For me the AIP protocol has been a life changer. So I’d definitely say its worth it. But maybe not for everyone, as its pretty extreme. I’d definitely advise anyone who has autoimmune conditions, chronic illnesses, digestive problems, allergies or mental health problems to seriously consider it. Maybe those who don’t suffer from any of these, but want to lead a healthier lifestyle might consider the Paleo protocol which is less limiting but still very healthy and nutrient dense. The key in all of it for me is to avoid those things that have no nutritional benefit, and to focus on those that are rich in nutrients.
Want to try AIP?
My advise for anyone who decides to try the Autoimmune Paleo Protocol is to plan, plan & plan before you even start. So first pick a date to start, don’t just think I’ll start it tomorrow or on Monday because chances are something will crop up and you’ll postpone it. As I turned 40 I had a busy couple of months, with holidays booked, meals and parties lined up with set menus that I’d already committed to, so I picked 2 days after the last event I had planned, obviously I’d need a recovery day after the annual girls night out! From the day you decide to try the AIP protocol to the day you actually start, familiarise yourself with the foods you can and can’t have, research recipes, write a meal plan for at least a month and write your shopping lists. Make sure the house is well stocked with items that are on the “yes” list and prepare meals and snacks in advance. Don’t leave the house without a snack if you’re going to be out for a few hours, as you’ll find it nigh on impossible to find anything suitable in the shops!
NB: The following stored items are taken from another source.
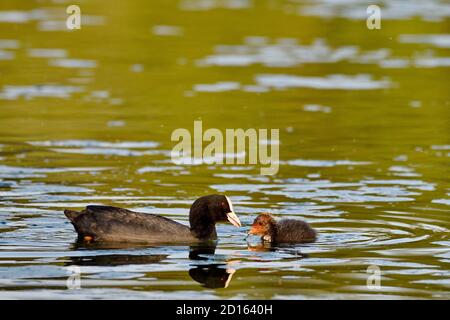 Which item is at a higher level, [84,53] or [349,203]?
[84,53]

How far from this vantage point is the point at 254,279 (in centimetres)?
1173

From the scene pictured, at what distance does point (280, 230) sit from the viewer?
539 inches

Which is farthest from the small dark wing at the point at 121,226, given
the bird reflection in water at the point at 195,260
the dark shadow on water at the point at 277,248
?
the dark shadow on water at the point at 277,248

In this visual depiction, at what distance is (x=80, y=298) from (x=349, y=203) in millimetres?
5561

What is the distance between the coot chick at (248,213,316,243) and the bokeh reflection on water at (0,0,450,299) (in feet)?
0.62

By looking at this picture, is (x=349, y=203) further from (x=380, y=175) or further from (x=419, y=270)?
(x=419, y=270)

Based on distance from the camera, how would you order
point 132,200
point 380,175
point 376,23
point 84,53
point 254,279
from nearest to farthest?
point 254,279 → point 132,200 → point 380,175 → point 84,53 → point 376,23

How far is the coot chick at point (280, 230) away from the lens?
13.4 metres

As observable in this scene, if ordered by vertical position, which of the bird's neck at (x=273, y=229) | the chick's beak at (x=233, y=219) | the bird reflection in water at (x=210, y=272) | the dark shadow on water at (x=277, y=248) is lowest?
the bird reflection in water at (x=210, y=272)

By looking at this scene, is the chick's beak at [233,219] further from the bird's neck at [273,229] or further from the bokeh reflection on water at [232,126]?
the bird's neck at [273,229]

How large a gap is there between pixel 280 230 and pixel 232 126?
295 inches

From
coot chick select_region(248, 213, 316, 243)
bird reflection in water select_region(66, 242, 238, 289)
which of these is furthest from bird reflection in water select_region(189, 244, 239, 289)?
coot chick select_region(248, 213, 316, 243)

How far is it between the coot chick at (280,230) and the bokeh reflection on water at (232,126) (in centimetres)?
19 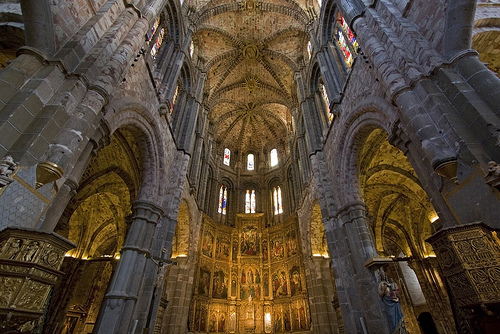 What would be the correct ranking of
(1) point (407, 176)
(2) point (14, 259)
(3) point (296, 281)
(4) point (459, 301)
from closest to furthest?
(2) point (14, 259) < (4) point (459, 301) < (1) point (407, 176) < (3) point (296, 281)

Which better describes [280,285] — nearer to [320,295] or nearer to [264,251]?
[264,251]

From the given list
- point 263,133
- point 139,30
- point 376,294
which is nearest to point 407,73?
point 376,294

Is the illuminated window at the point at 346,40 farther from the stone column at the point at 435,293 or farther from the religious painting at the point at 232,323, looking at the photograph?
the religious painting at the point at 232,323

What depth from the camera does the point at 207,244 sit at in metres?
18.1

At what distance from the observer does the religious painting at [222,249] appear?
18.8 meters

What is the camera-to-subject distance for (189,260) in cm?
1463

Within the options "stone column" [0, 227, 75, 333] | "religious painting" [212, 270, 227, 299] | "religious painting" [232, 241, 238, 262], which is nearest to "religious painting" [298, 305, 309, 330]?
"religious painting" [212, 270, 227, 299]

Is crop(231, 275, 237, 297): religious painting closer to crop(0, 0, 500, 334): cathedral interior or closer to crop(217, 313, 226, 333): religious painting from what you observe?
crop(0, 0, 500, 334): cathedral interior

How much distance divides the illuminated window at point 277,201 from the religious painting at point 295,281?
552 cm

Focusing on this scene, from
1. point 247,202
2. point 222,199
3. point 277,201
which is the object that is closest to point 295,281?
point 277,201

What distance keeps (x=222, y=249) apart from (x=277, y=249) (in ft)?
13.6

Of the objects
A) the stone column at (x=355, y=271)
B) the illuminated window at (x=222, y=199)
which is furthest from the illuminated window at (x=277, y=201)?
the stone column at (x=355, y=271)

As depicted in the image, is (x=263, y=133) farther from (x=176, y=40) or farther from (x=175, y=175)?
(x=175, y=175)

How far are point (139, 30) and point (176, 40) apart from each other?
667cm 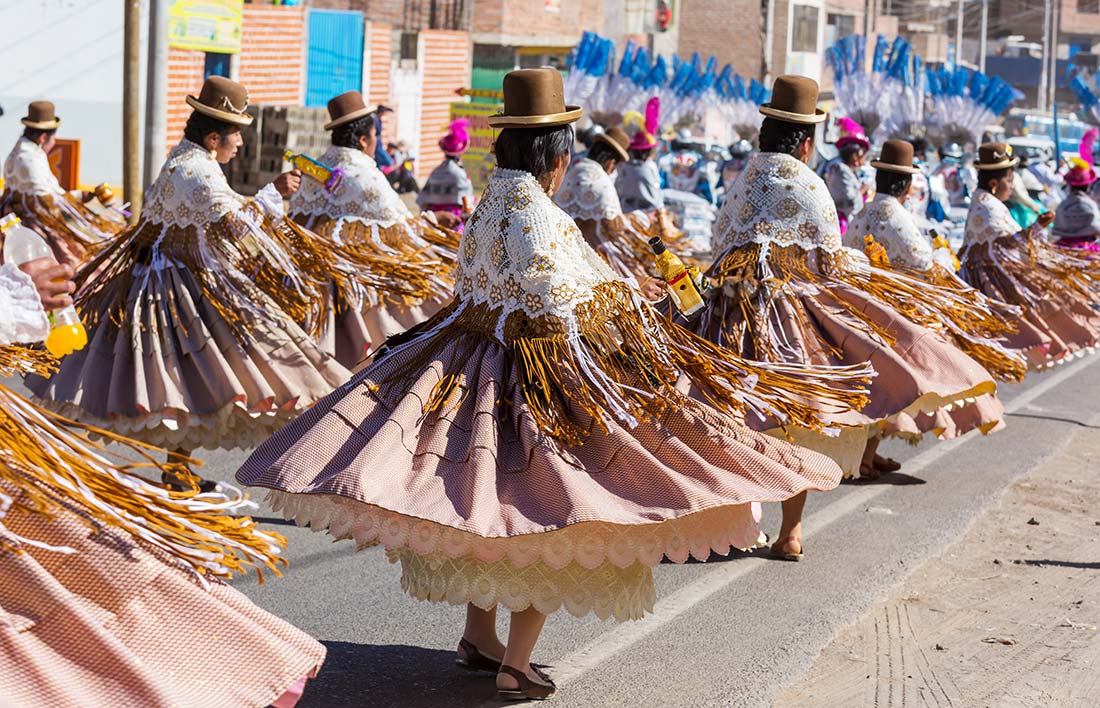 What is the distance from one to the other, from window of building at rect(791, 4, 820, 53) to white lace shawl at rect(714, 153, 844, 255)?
58.0 metres

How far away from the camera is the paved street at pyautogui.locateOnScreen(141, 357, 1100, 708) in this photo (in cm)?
527

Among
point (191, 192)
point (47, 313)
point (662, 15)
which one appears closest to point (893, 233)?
point (191, 192)

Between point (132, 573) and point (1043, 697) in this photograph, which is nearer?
point (132, 573)

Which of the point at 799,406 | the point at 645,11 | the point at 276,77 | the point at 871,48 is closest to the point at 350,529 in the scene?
the point at 799,406

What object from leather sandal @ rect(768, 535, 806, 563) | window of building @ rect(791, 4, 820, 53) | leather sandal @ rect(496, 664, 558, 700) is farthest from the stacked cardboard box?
window of building @ rect(791, 4, 820, 53)

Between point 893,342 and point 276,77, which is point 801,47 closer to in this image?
point 276,77

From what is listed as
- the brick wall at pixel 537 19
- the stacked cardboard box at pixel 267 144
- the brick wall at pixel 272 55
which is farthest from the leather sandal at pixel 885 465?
the brick wall at pixel 537 19

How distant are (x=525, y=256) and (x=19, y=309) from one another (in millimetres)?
1827

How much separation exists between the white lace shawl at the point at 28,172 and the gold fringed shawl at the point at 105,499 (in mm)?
8690

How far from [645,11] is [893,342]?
46532 millimetres

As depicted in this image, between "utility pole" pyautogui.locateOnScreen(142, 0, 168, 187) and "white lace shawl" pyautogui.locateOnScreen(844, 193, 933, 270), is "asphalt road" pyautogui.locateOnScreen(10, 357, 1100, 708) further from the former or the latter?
"utility pole" pyautogui.locateOnScreen(142, 0, 168, 187)

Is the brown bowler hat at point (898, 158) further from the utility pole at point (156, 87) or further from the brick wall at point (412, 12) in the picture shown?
the brick wall at point (412, 12)

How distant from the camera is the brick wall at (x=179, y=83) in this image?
2276cm

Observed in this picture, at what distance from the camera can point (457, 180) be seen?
1586cm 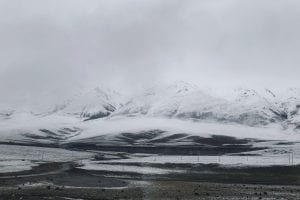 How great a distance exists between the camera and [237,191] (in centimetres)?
6153

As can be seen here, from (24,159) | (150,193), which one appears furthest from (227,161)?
(150,193)

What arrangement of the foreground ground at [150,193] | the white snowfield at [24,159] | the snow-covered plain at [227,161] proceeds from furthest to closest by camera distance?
the snow-covered plain at [227,161] → the white snowfield at [24,159] → the foreground ground at [150,193]

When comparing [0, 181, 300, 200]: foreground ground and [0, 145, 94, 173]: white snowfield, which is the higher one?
[0, 145, 94, 173]: white snowfield

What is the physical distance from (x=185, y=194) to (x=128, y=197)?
6813 millimetres

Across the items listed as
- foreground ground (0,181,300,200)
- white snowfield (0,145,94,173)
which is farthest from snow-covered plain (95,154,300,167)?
foreground ground (0,181,300,200)

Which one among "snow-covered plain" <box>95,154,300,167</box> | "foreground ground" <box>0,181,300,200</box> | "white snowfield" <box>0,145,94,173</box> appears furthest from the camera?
"snow-covered plain" <box>95,154,300,167</box>

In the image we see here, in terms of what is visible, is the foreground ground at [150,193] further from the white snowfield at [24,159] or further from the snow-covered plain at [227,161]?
the snow-covered plain at [227,161]

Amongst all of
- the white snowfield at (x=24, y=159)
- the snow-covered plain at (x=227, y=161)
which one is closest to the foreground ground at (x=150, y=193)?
the white snowfield at (x=24, y=159)

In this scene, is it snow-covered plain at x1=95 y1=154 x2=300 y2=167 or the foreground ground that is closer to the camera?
the foreground ground

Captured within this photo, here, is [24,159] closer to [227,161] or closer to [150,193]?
[227,161]

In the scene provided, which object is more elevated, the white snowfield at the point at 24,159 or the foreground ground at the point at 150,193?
the white snowfield at the point at 24,159

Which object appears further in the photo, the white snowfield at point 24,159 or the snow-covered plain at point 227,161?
the snow-covered plain at point 227,161

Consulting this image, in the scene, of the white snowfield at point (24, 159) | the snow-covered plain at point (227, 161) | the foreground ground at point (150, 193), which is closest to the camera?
the foreground ground at point (150, 193)

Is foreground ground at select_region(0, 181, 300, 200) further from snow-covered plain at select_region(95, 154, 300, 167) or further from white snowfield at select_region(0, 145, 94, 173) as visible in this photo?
snow-covered plain at select_region(95, 154, 300, 167) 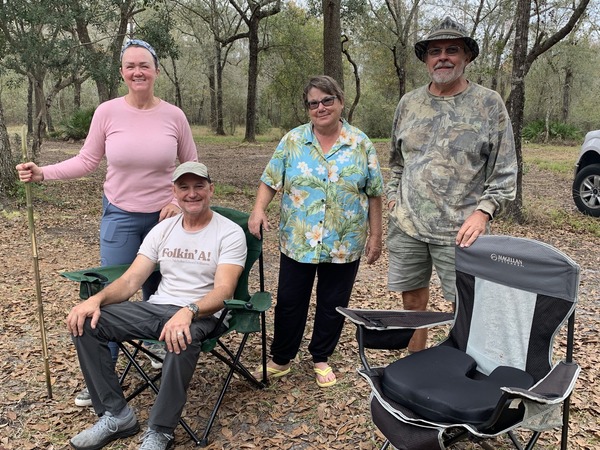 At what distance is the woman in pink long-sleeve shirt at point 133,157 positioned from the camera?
2.83m

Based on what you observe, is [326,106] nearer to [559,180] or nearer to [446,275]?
[446,275]

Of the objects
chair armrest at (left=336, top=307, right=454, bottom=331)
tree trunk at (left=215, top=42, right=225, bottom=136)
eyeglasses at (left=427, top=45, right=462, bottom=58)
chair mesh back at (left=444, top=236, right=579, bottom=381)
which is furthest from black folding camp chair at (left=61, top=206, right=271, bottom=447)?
tree trunk at (left=215, top=42, right=225, bottom=136)

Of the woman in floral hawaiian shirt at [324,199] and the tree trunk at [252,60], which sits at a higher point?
the tree trunk at [252,60]

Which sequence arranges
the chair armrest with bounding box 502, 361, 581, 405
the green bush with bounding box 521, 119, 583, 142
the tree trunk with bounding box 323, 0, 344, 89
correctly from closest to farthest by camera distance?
the chair armrest with bounding box 502, 361, 581, 405, the tree trunk with bounding box 323, 0, 344, 89, the green bush with bounding box 521, 119, 583, 142

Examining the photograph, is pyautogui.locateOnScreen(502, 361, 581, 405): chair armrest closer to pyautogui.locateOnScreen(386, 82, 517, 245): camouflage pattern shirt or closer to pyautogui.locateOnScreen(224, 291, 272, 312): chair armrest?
pyautogui.locateOnScreen(386, 82, 517, 245): camouflage pattern shirt

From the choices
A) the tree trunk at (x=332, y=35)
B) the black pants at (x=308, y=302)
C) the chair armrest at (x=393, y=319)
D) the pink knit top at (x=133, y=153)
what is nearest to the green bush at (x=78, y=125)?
the tree trunk at (x=332, y=35)

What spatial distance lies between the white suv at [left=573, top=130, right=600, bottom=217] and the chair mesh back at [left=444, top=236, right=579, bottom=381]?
19.5 ft

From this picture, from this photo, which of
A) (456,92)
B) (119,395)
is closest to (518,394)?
(456,92)

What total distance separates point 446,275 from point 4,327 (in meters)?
3.35

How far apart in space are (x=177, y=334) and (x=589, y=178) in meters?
7.21

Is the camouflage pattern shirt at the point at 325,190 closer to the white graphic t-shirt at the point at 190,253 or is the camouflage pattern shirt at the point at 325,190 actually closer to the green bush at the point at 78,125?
the white graphic t-shirt at the point at 190,253

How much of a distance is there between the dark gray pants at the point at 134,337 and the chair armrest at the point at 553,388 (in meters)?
1.46

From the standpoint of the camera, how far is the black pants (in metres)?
3.04

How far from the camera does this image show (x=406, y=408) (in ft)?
6.95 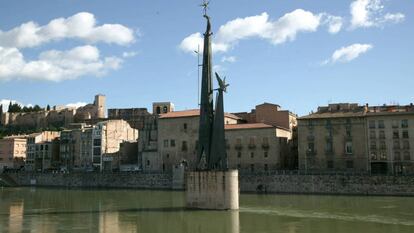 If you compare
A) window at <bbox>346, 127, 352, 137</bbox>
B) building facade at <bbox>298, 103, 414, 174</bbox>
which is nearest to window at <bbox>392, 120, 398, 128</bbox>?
building facade at <bbox>298, 103, 414, 174</bbox>

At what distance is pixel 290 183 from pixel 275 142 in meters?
9.70

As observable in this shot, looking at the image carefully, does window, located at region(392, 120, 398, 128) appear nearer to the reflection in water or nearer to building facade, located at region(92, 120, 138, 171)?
the reflection in water

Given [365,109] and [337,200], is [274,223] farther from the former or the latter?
[365,109]

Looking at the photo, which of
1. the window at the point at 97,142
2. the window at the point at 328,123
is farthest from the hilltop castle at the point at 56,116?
the window at the point at 328,123

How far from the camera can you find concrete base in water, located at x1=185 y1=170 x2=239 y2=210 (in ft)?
141

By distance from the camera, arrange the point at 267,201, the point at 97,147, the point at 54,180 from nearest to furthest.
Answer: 1. the point at 267,201
2. the point at 54,180
3. the point at 97,147

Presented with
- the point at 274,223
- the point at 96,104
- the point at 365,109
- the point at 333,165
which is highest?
the point at 96,104

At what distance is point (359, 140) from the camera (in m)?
71.1

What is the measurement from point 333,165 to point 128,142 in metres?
48.6

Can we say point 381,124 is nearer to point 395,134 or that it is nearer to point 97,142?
point 395,134

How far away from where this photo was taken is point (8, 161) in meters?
118

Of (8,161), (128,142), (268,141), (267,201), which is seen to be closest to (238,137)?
(268,141)

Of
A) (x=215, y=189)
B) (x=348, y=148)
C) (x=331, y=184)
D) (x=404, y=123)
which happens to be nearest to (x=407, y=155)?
(x=404, y=123)

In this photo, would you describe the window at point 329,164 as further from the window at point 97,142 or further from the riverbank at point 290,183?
the window at point 97,142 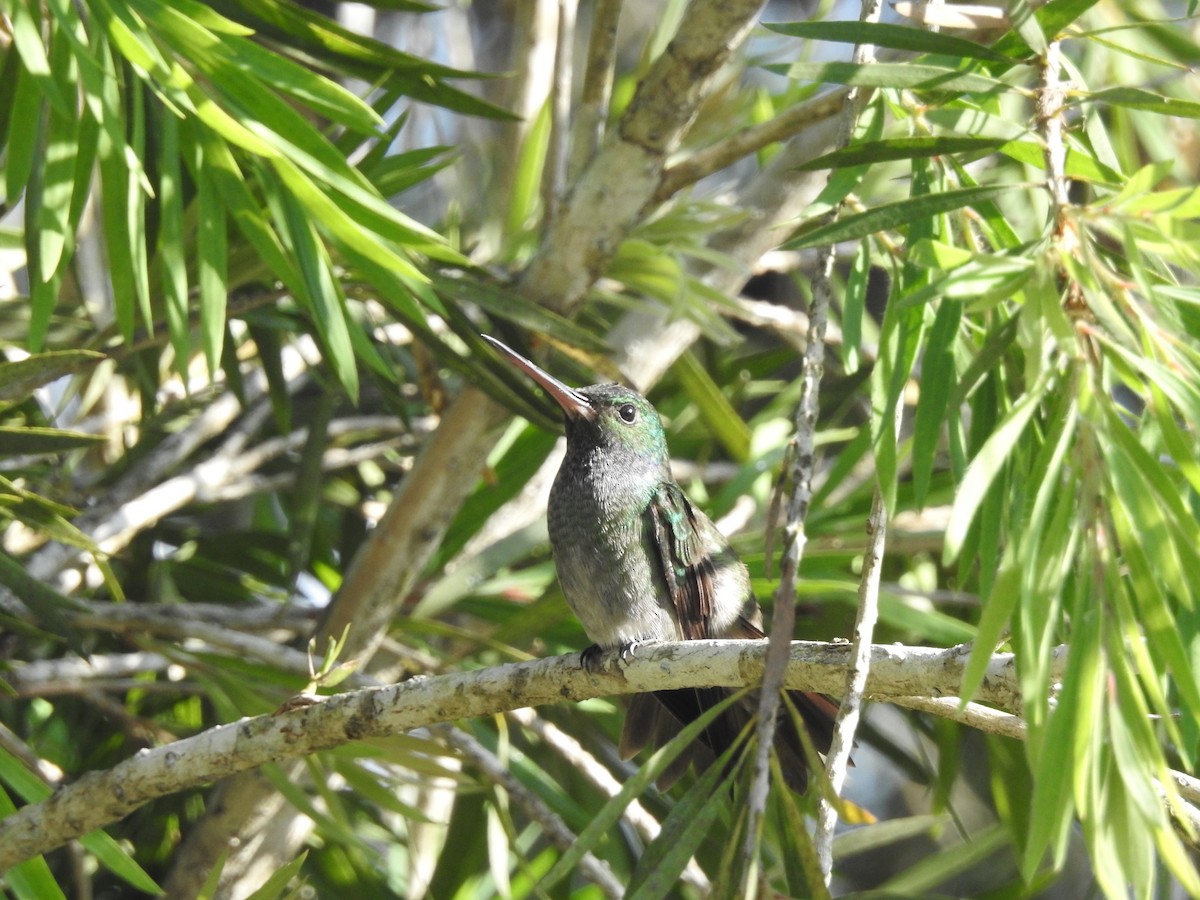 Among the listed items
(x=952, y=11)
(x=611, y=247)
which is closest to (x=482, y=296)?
(x=611, y=247)

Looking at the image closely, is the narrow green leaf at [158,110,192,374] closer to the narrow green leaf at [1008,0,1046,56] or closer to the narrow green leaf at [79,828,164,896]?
the narrow green leaf at [79,828,164,896]

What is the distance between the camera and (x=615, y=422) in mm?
3516

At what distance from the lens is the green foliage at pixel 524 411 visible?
137cm

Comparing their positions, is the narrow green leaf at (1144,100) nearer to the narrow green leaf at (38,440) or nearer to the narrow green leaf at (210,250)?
the narrow green leaf at (210,250)

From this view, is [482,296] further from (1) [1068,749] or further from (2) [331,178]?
(1) [1068,749]

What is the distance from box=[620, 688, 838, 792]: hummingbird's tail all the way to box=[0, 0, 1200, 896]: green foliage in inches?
6.7

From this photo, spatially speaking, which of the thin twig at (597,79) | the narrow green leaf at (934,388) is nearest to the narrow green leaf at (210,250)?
the thin twig at (597,79)

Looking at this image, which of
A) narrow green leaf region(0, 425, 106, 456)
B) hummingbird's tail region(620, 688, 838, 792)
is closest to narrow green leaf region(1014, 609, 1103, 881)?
hummingbird's tail region(620, 688, 838, 792)

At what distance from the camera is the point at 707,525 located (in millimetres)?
3246

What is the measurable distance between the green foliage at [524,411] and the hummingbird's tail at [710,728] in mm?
171

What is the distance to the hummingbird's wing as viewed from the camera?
3.12 meters

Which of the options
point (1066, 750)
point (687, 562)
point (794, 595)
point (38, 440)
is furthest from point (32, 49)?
point (687, 562)

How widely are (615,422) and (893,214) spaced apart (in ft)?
6.09

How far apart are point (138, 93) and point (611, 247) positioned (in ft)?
3.49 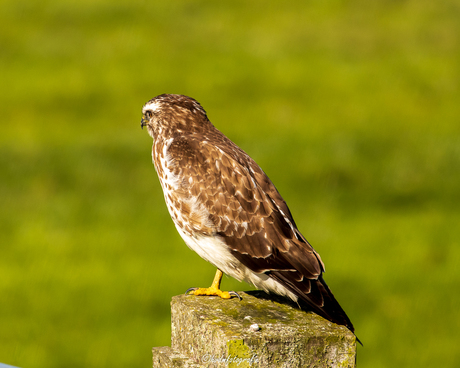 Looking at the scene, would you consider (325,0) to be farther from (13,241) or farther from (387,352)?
(387,352)

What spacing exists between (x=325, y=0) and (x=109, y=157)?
16.4m

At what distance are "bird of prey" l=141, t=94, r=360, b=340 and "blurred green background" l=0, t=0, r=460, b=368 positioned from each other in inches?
228

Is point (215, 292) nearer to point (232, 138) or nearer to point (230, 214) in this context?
point (230, 214)

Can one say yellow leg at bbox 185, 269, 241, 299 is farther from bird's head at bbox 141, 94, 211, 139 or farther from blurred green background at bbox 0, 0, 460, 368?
blurred green background at bbox 0, 0, 460, 368

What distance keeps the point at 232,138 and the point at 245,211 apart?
14972 millimetres

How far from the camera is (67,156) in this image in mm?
19031

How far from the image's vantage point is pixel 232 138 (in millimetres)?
19859

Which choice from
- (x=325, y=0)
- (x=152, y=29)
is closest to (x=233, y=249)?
(x=152, y=29)

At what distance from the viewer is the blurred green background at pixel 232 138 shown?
12.0 meters

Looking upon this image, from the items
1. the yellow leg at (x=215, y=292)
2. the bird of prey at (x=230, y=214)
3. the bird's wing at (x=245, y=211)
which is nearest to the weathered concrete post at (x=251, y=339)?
the yellow leg at (x=215, y=292)

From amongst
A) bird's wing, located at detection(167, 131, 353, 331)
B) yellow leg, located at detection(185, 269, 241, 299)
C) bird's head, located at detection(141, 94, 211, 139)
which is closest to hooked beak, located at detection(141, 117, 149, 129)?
bird's head, located at detection(141, 94, 211, 139)

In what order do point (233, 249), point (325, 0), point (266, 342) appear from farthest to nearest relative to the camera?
1. point (325, 0)
2. point (233, 249)
3. point (266, 342)

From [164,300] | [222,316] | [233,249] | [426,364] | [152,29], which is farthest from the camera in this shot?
[152,29]

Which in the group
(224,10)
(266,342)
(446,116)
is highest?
(224,10) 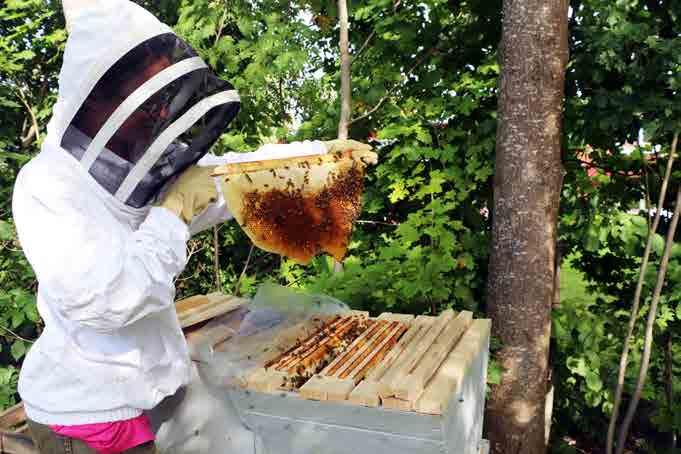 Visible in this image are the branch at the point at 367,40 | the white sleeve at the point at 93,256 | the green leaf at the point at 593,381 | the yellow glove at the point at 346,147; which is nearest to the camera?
the white sleeve at the point at 93,256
A great place to find AIP recipes is pinterest, if you want further information on the paleo or the AIP protocol head over to thepaleomom this site was recommended to me by my nutritionist and I found it absolutely invaluable. Once you’ve started the protocol, stick with it, its definitely worth the initial pain. Don’t be tempted to re-introduce things too soon or too quickly, leave at least a week between introducing each item so you can be sure what you’re reacting to if you do have a reaction. The hunger and the cravings for the sweet things do pass in fact you’ll find your tastebuds change after awhile and if you do inadvertently have something that has sugar in it several months down the line you’ll know instantly and find it sickly sweet!
Over the next few months I hope to add some recipes of my own to help those of you who are just starting out. If you want to share any of your recipes with me please do!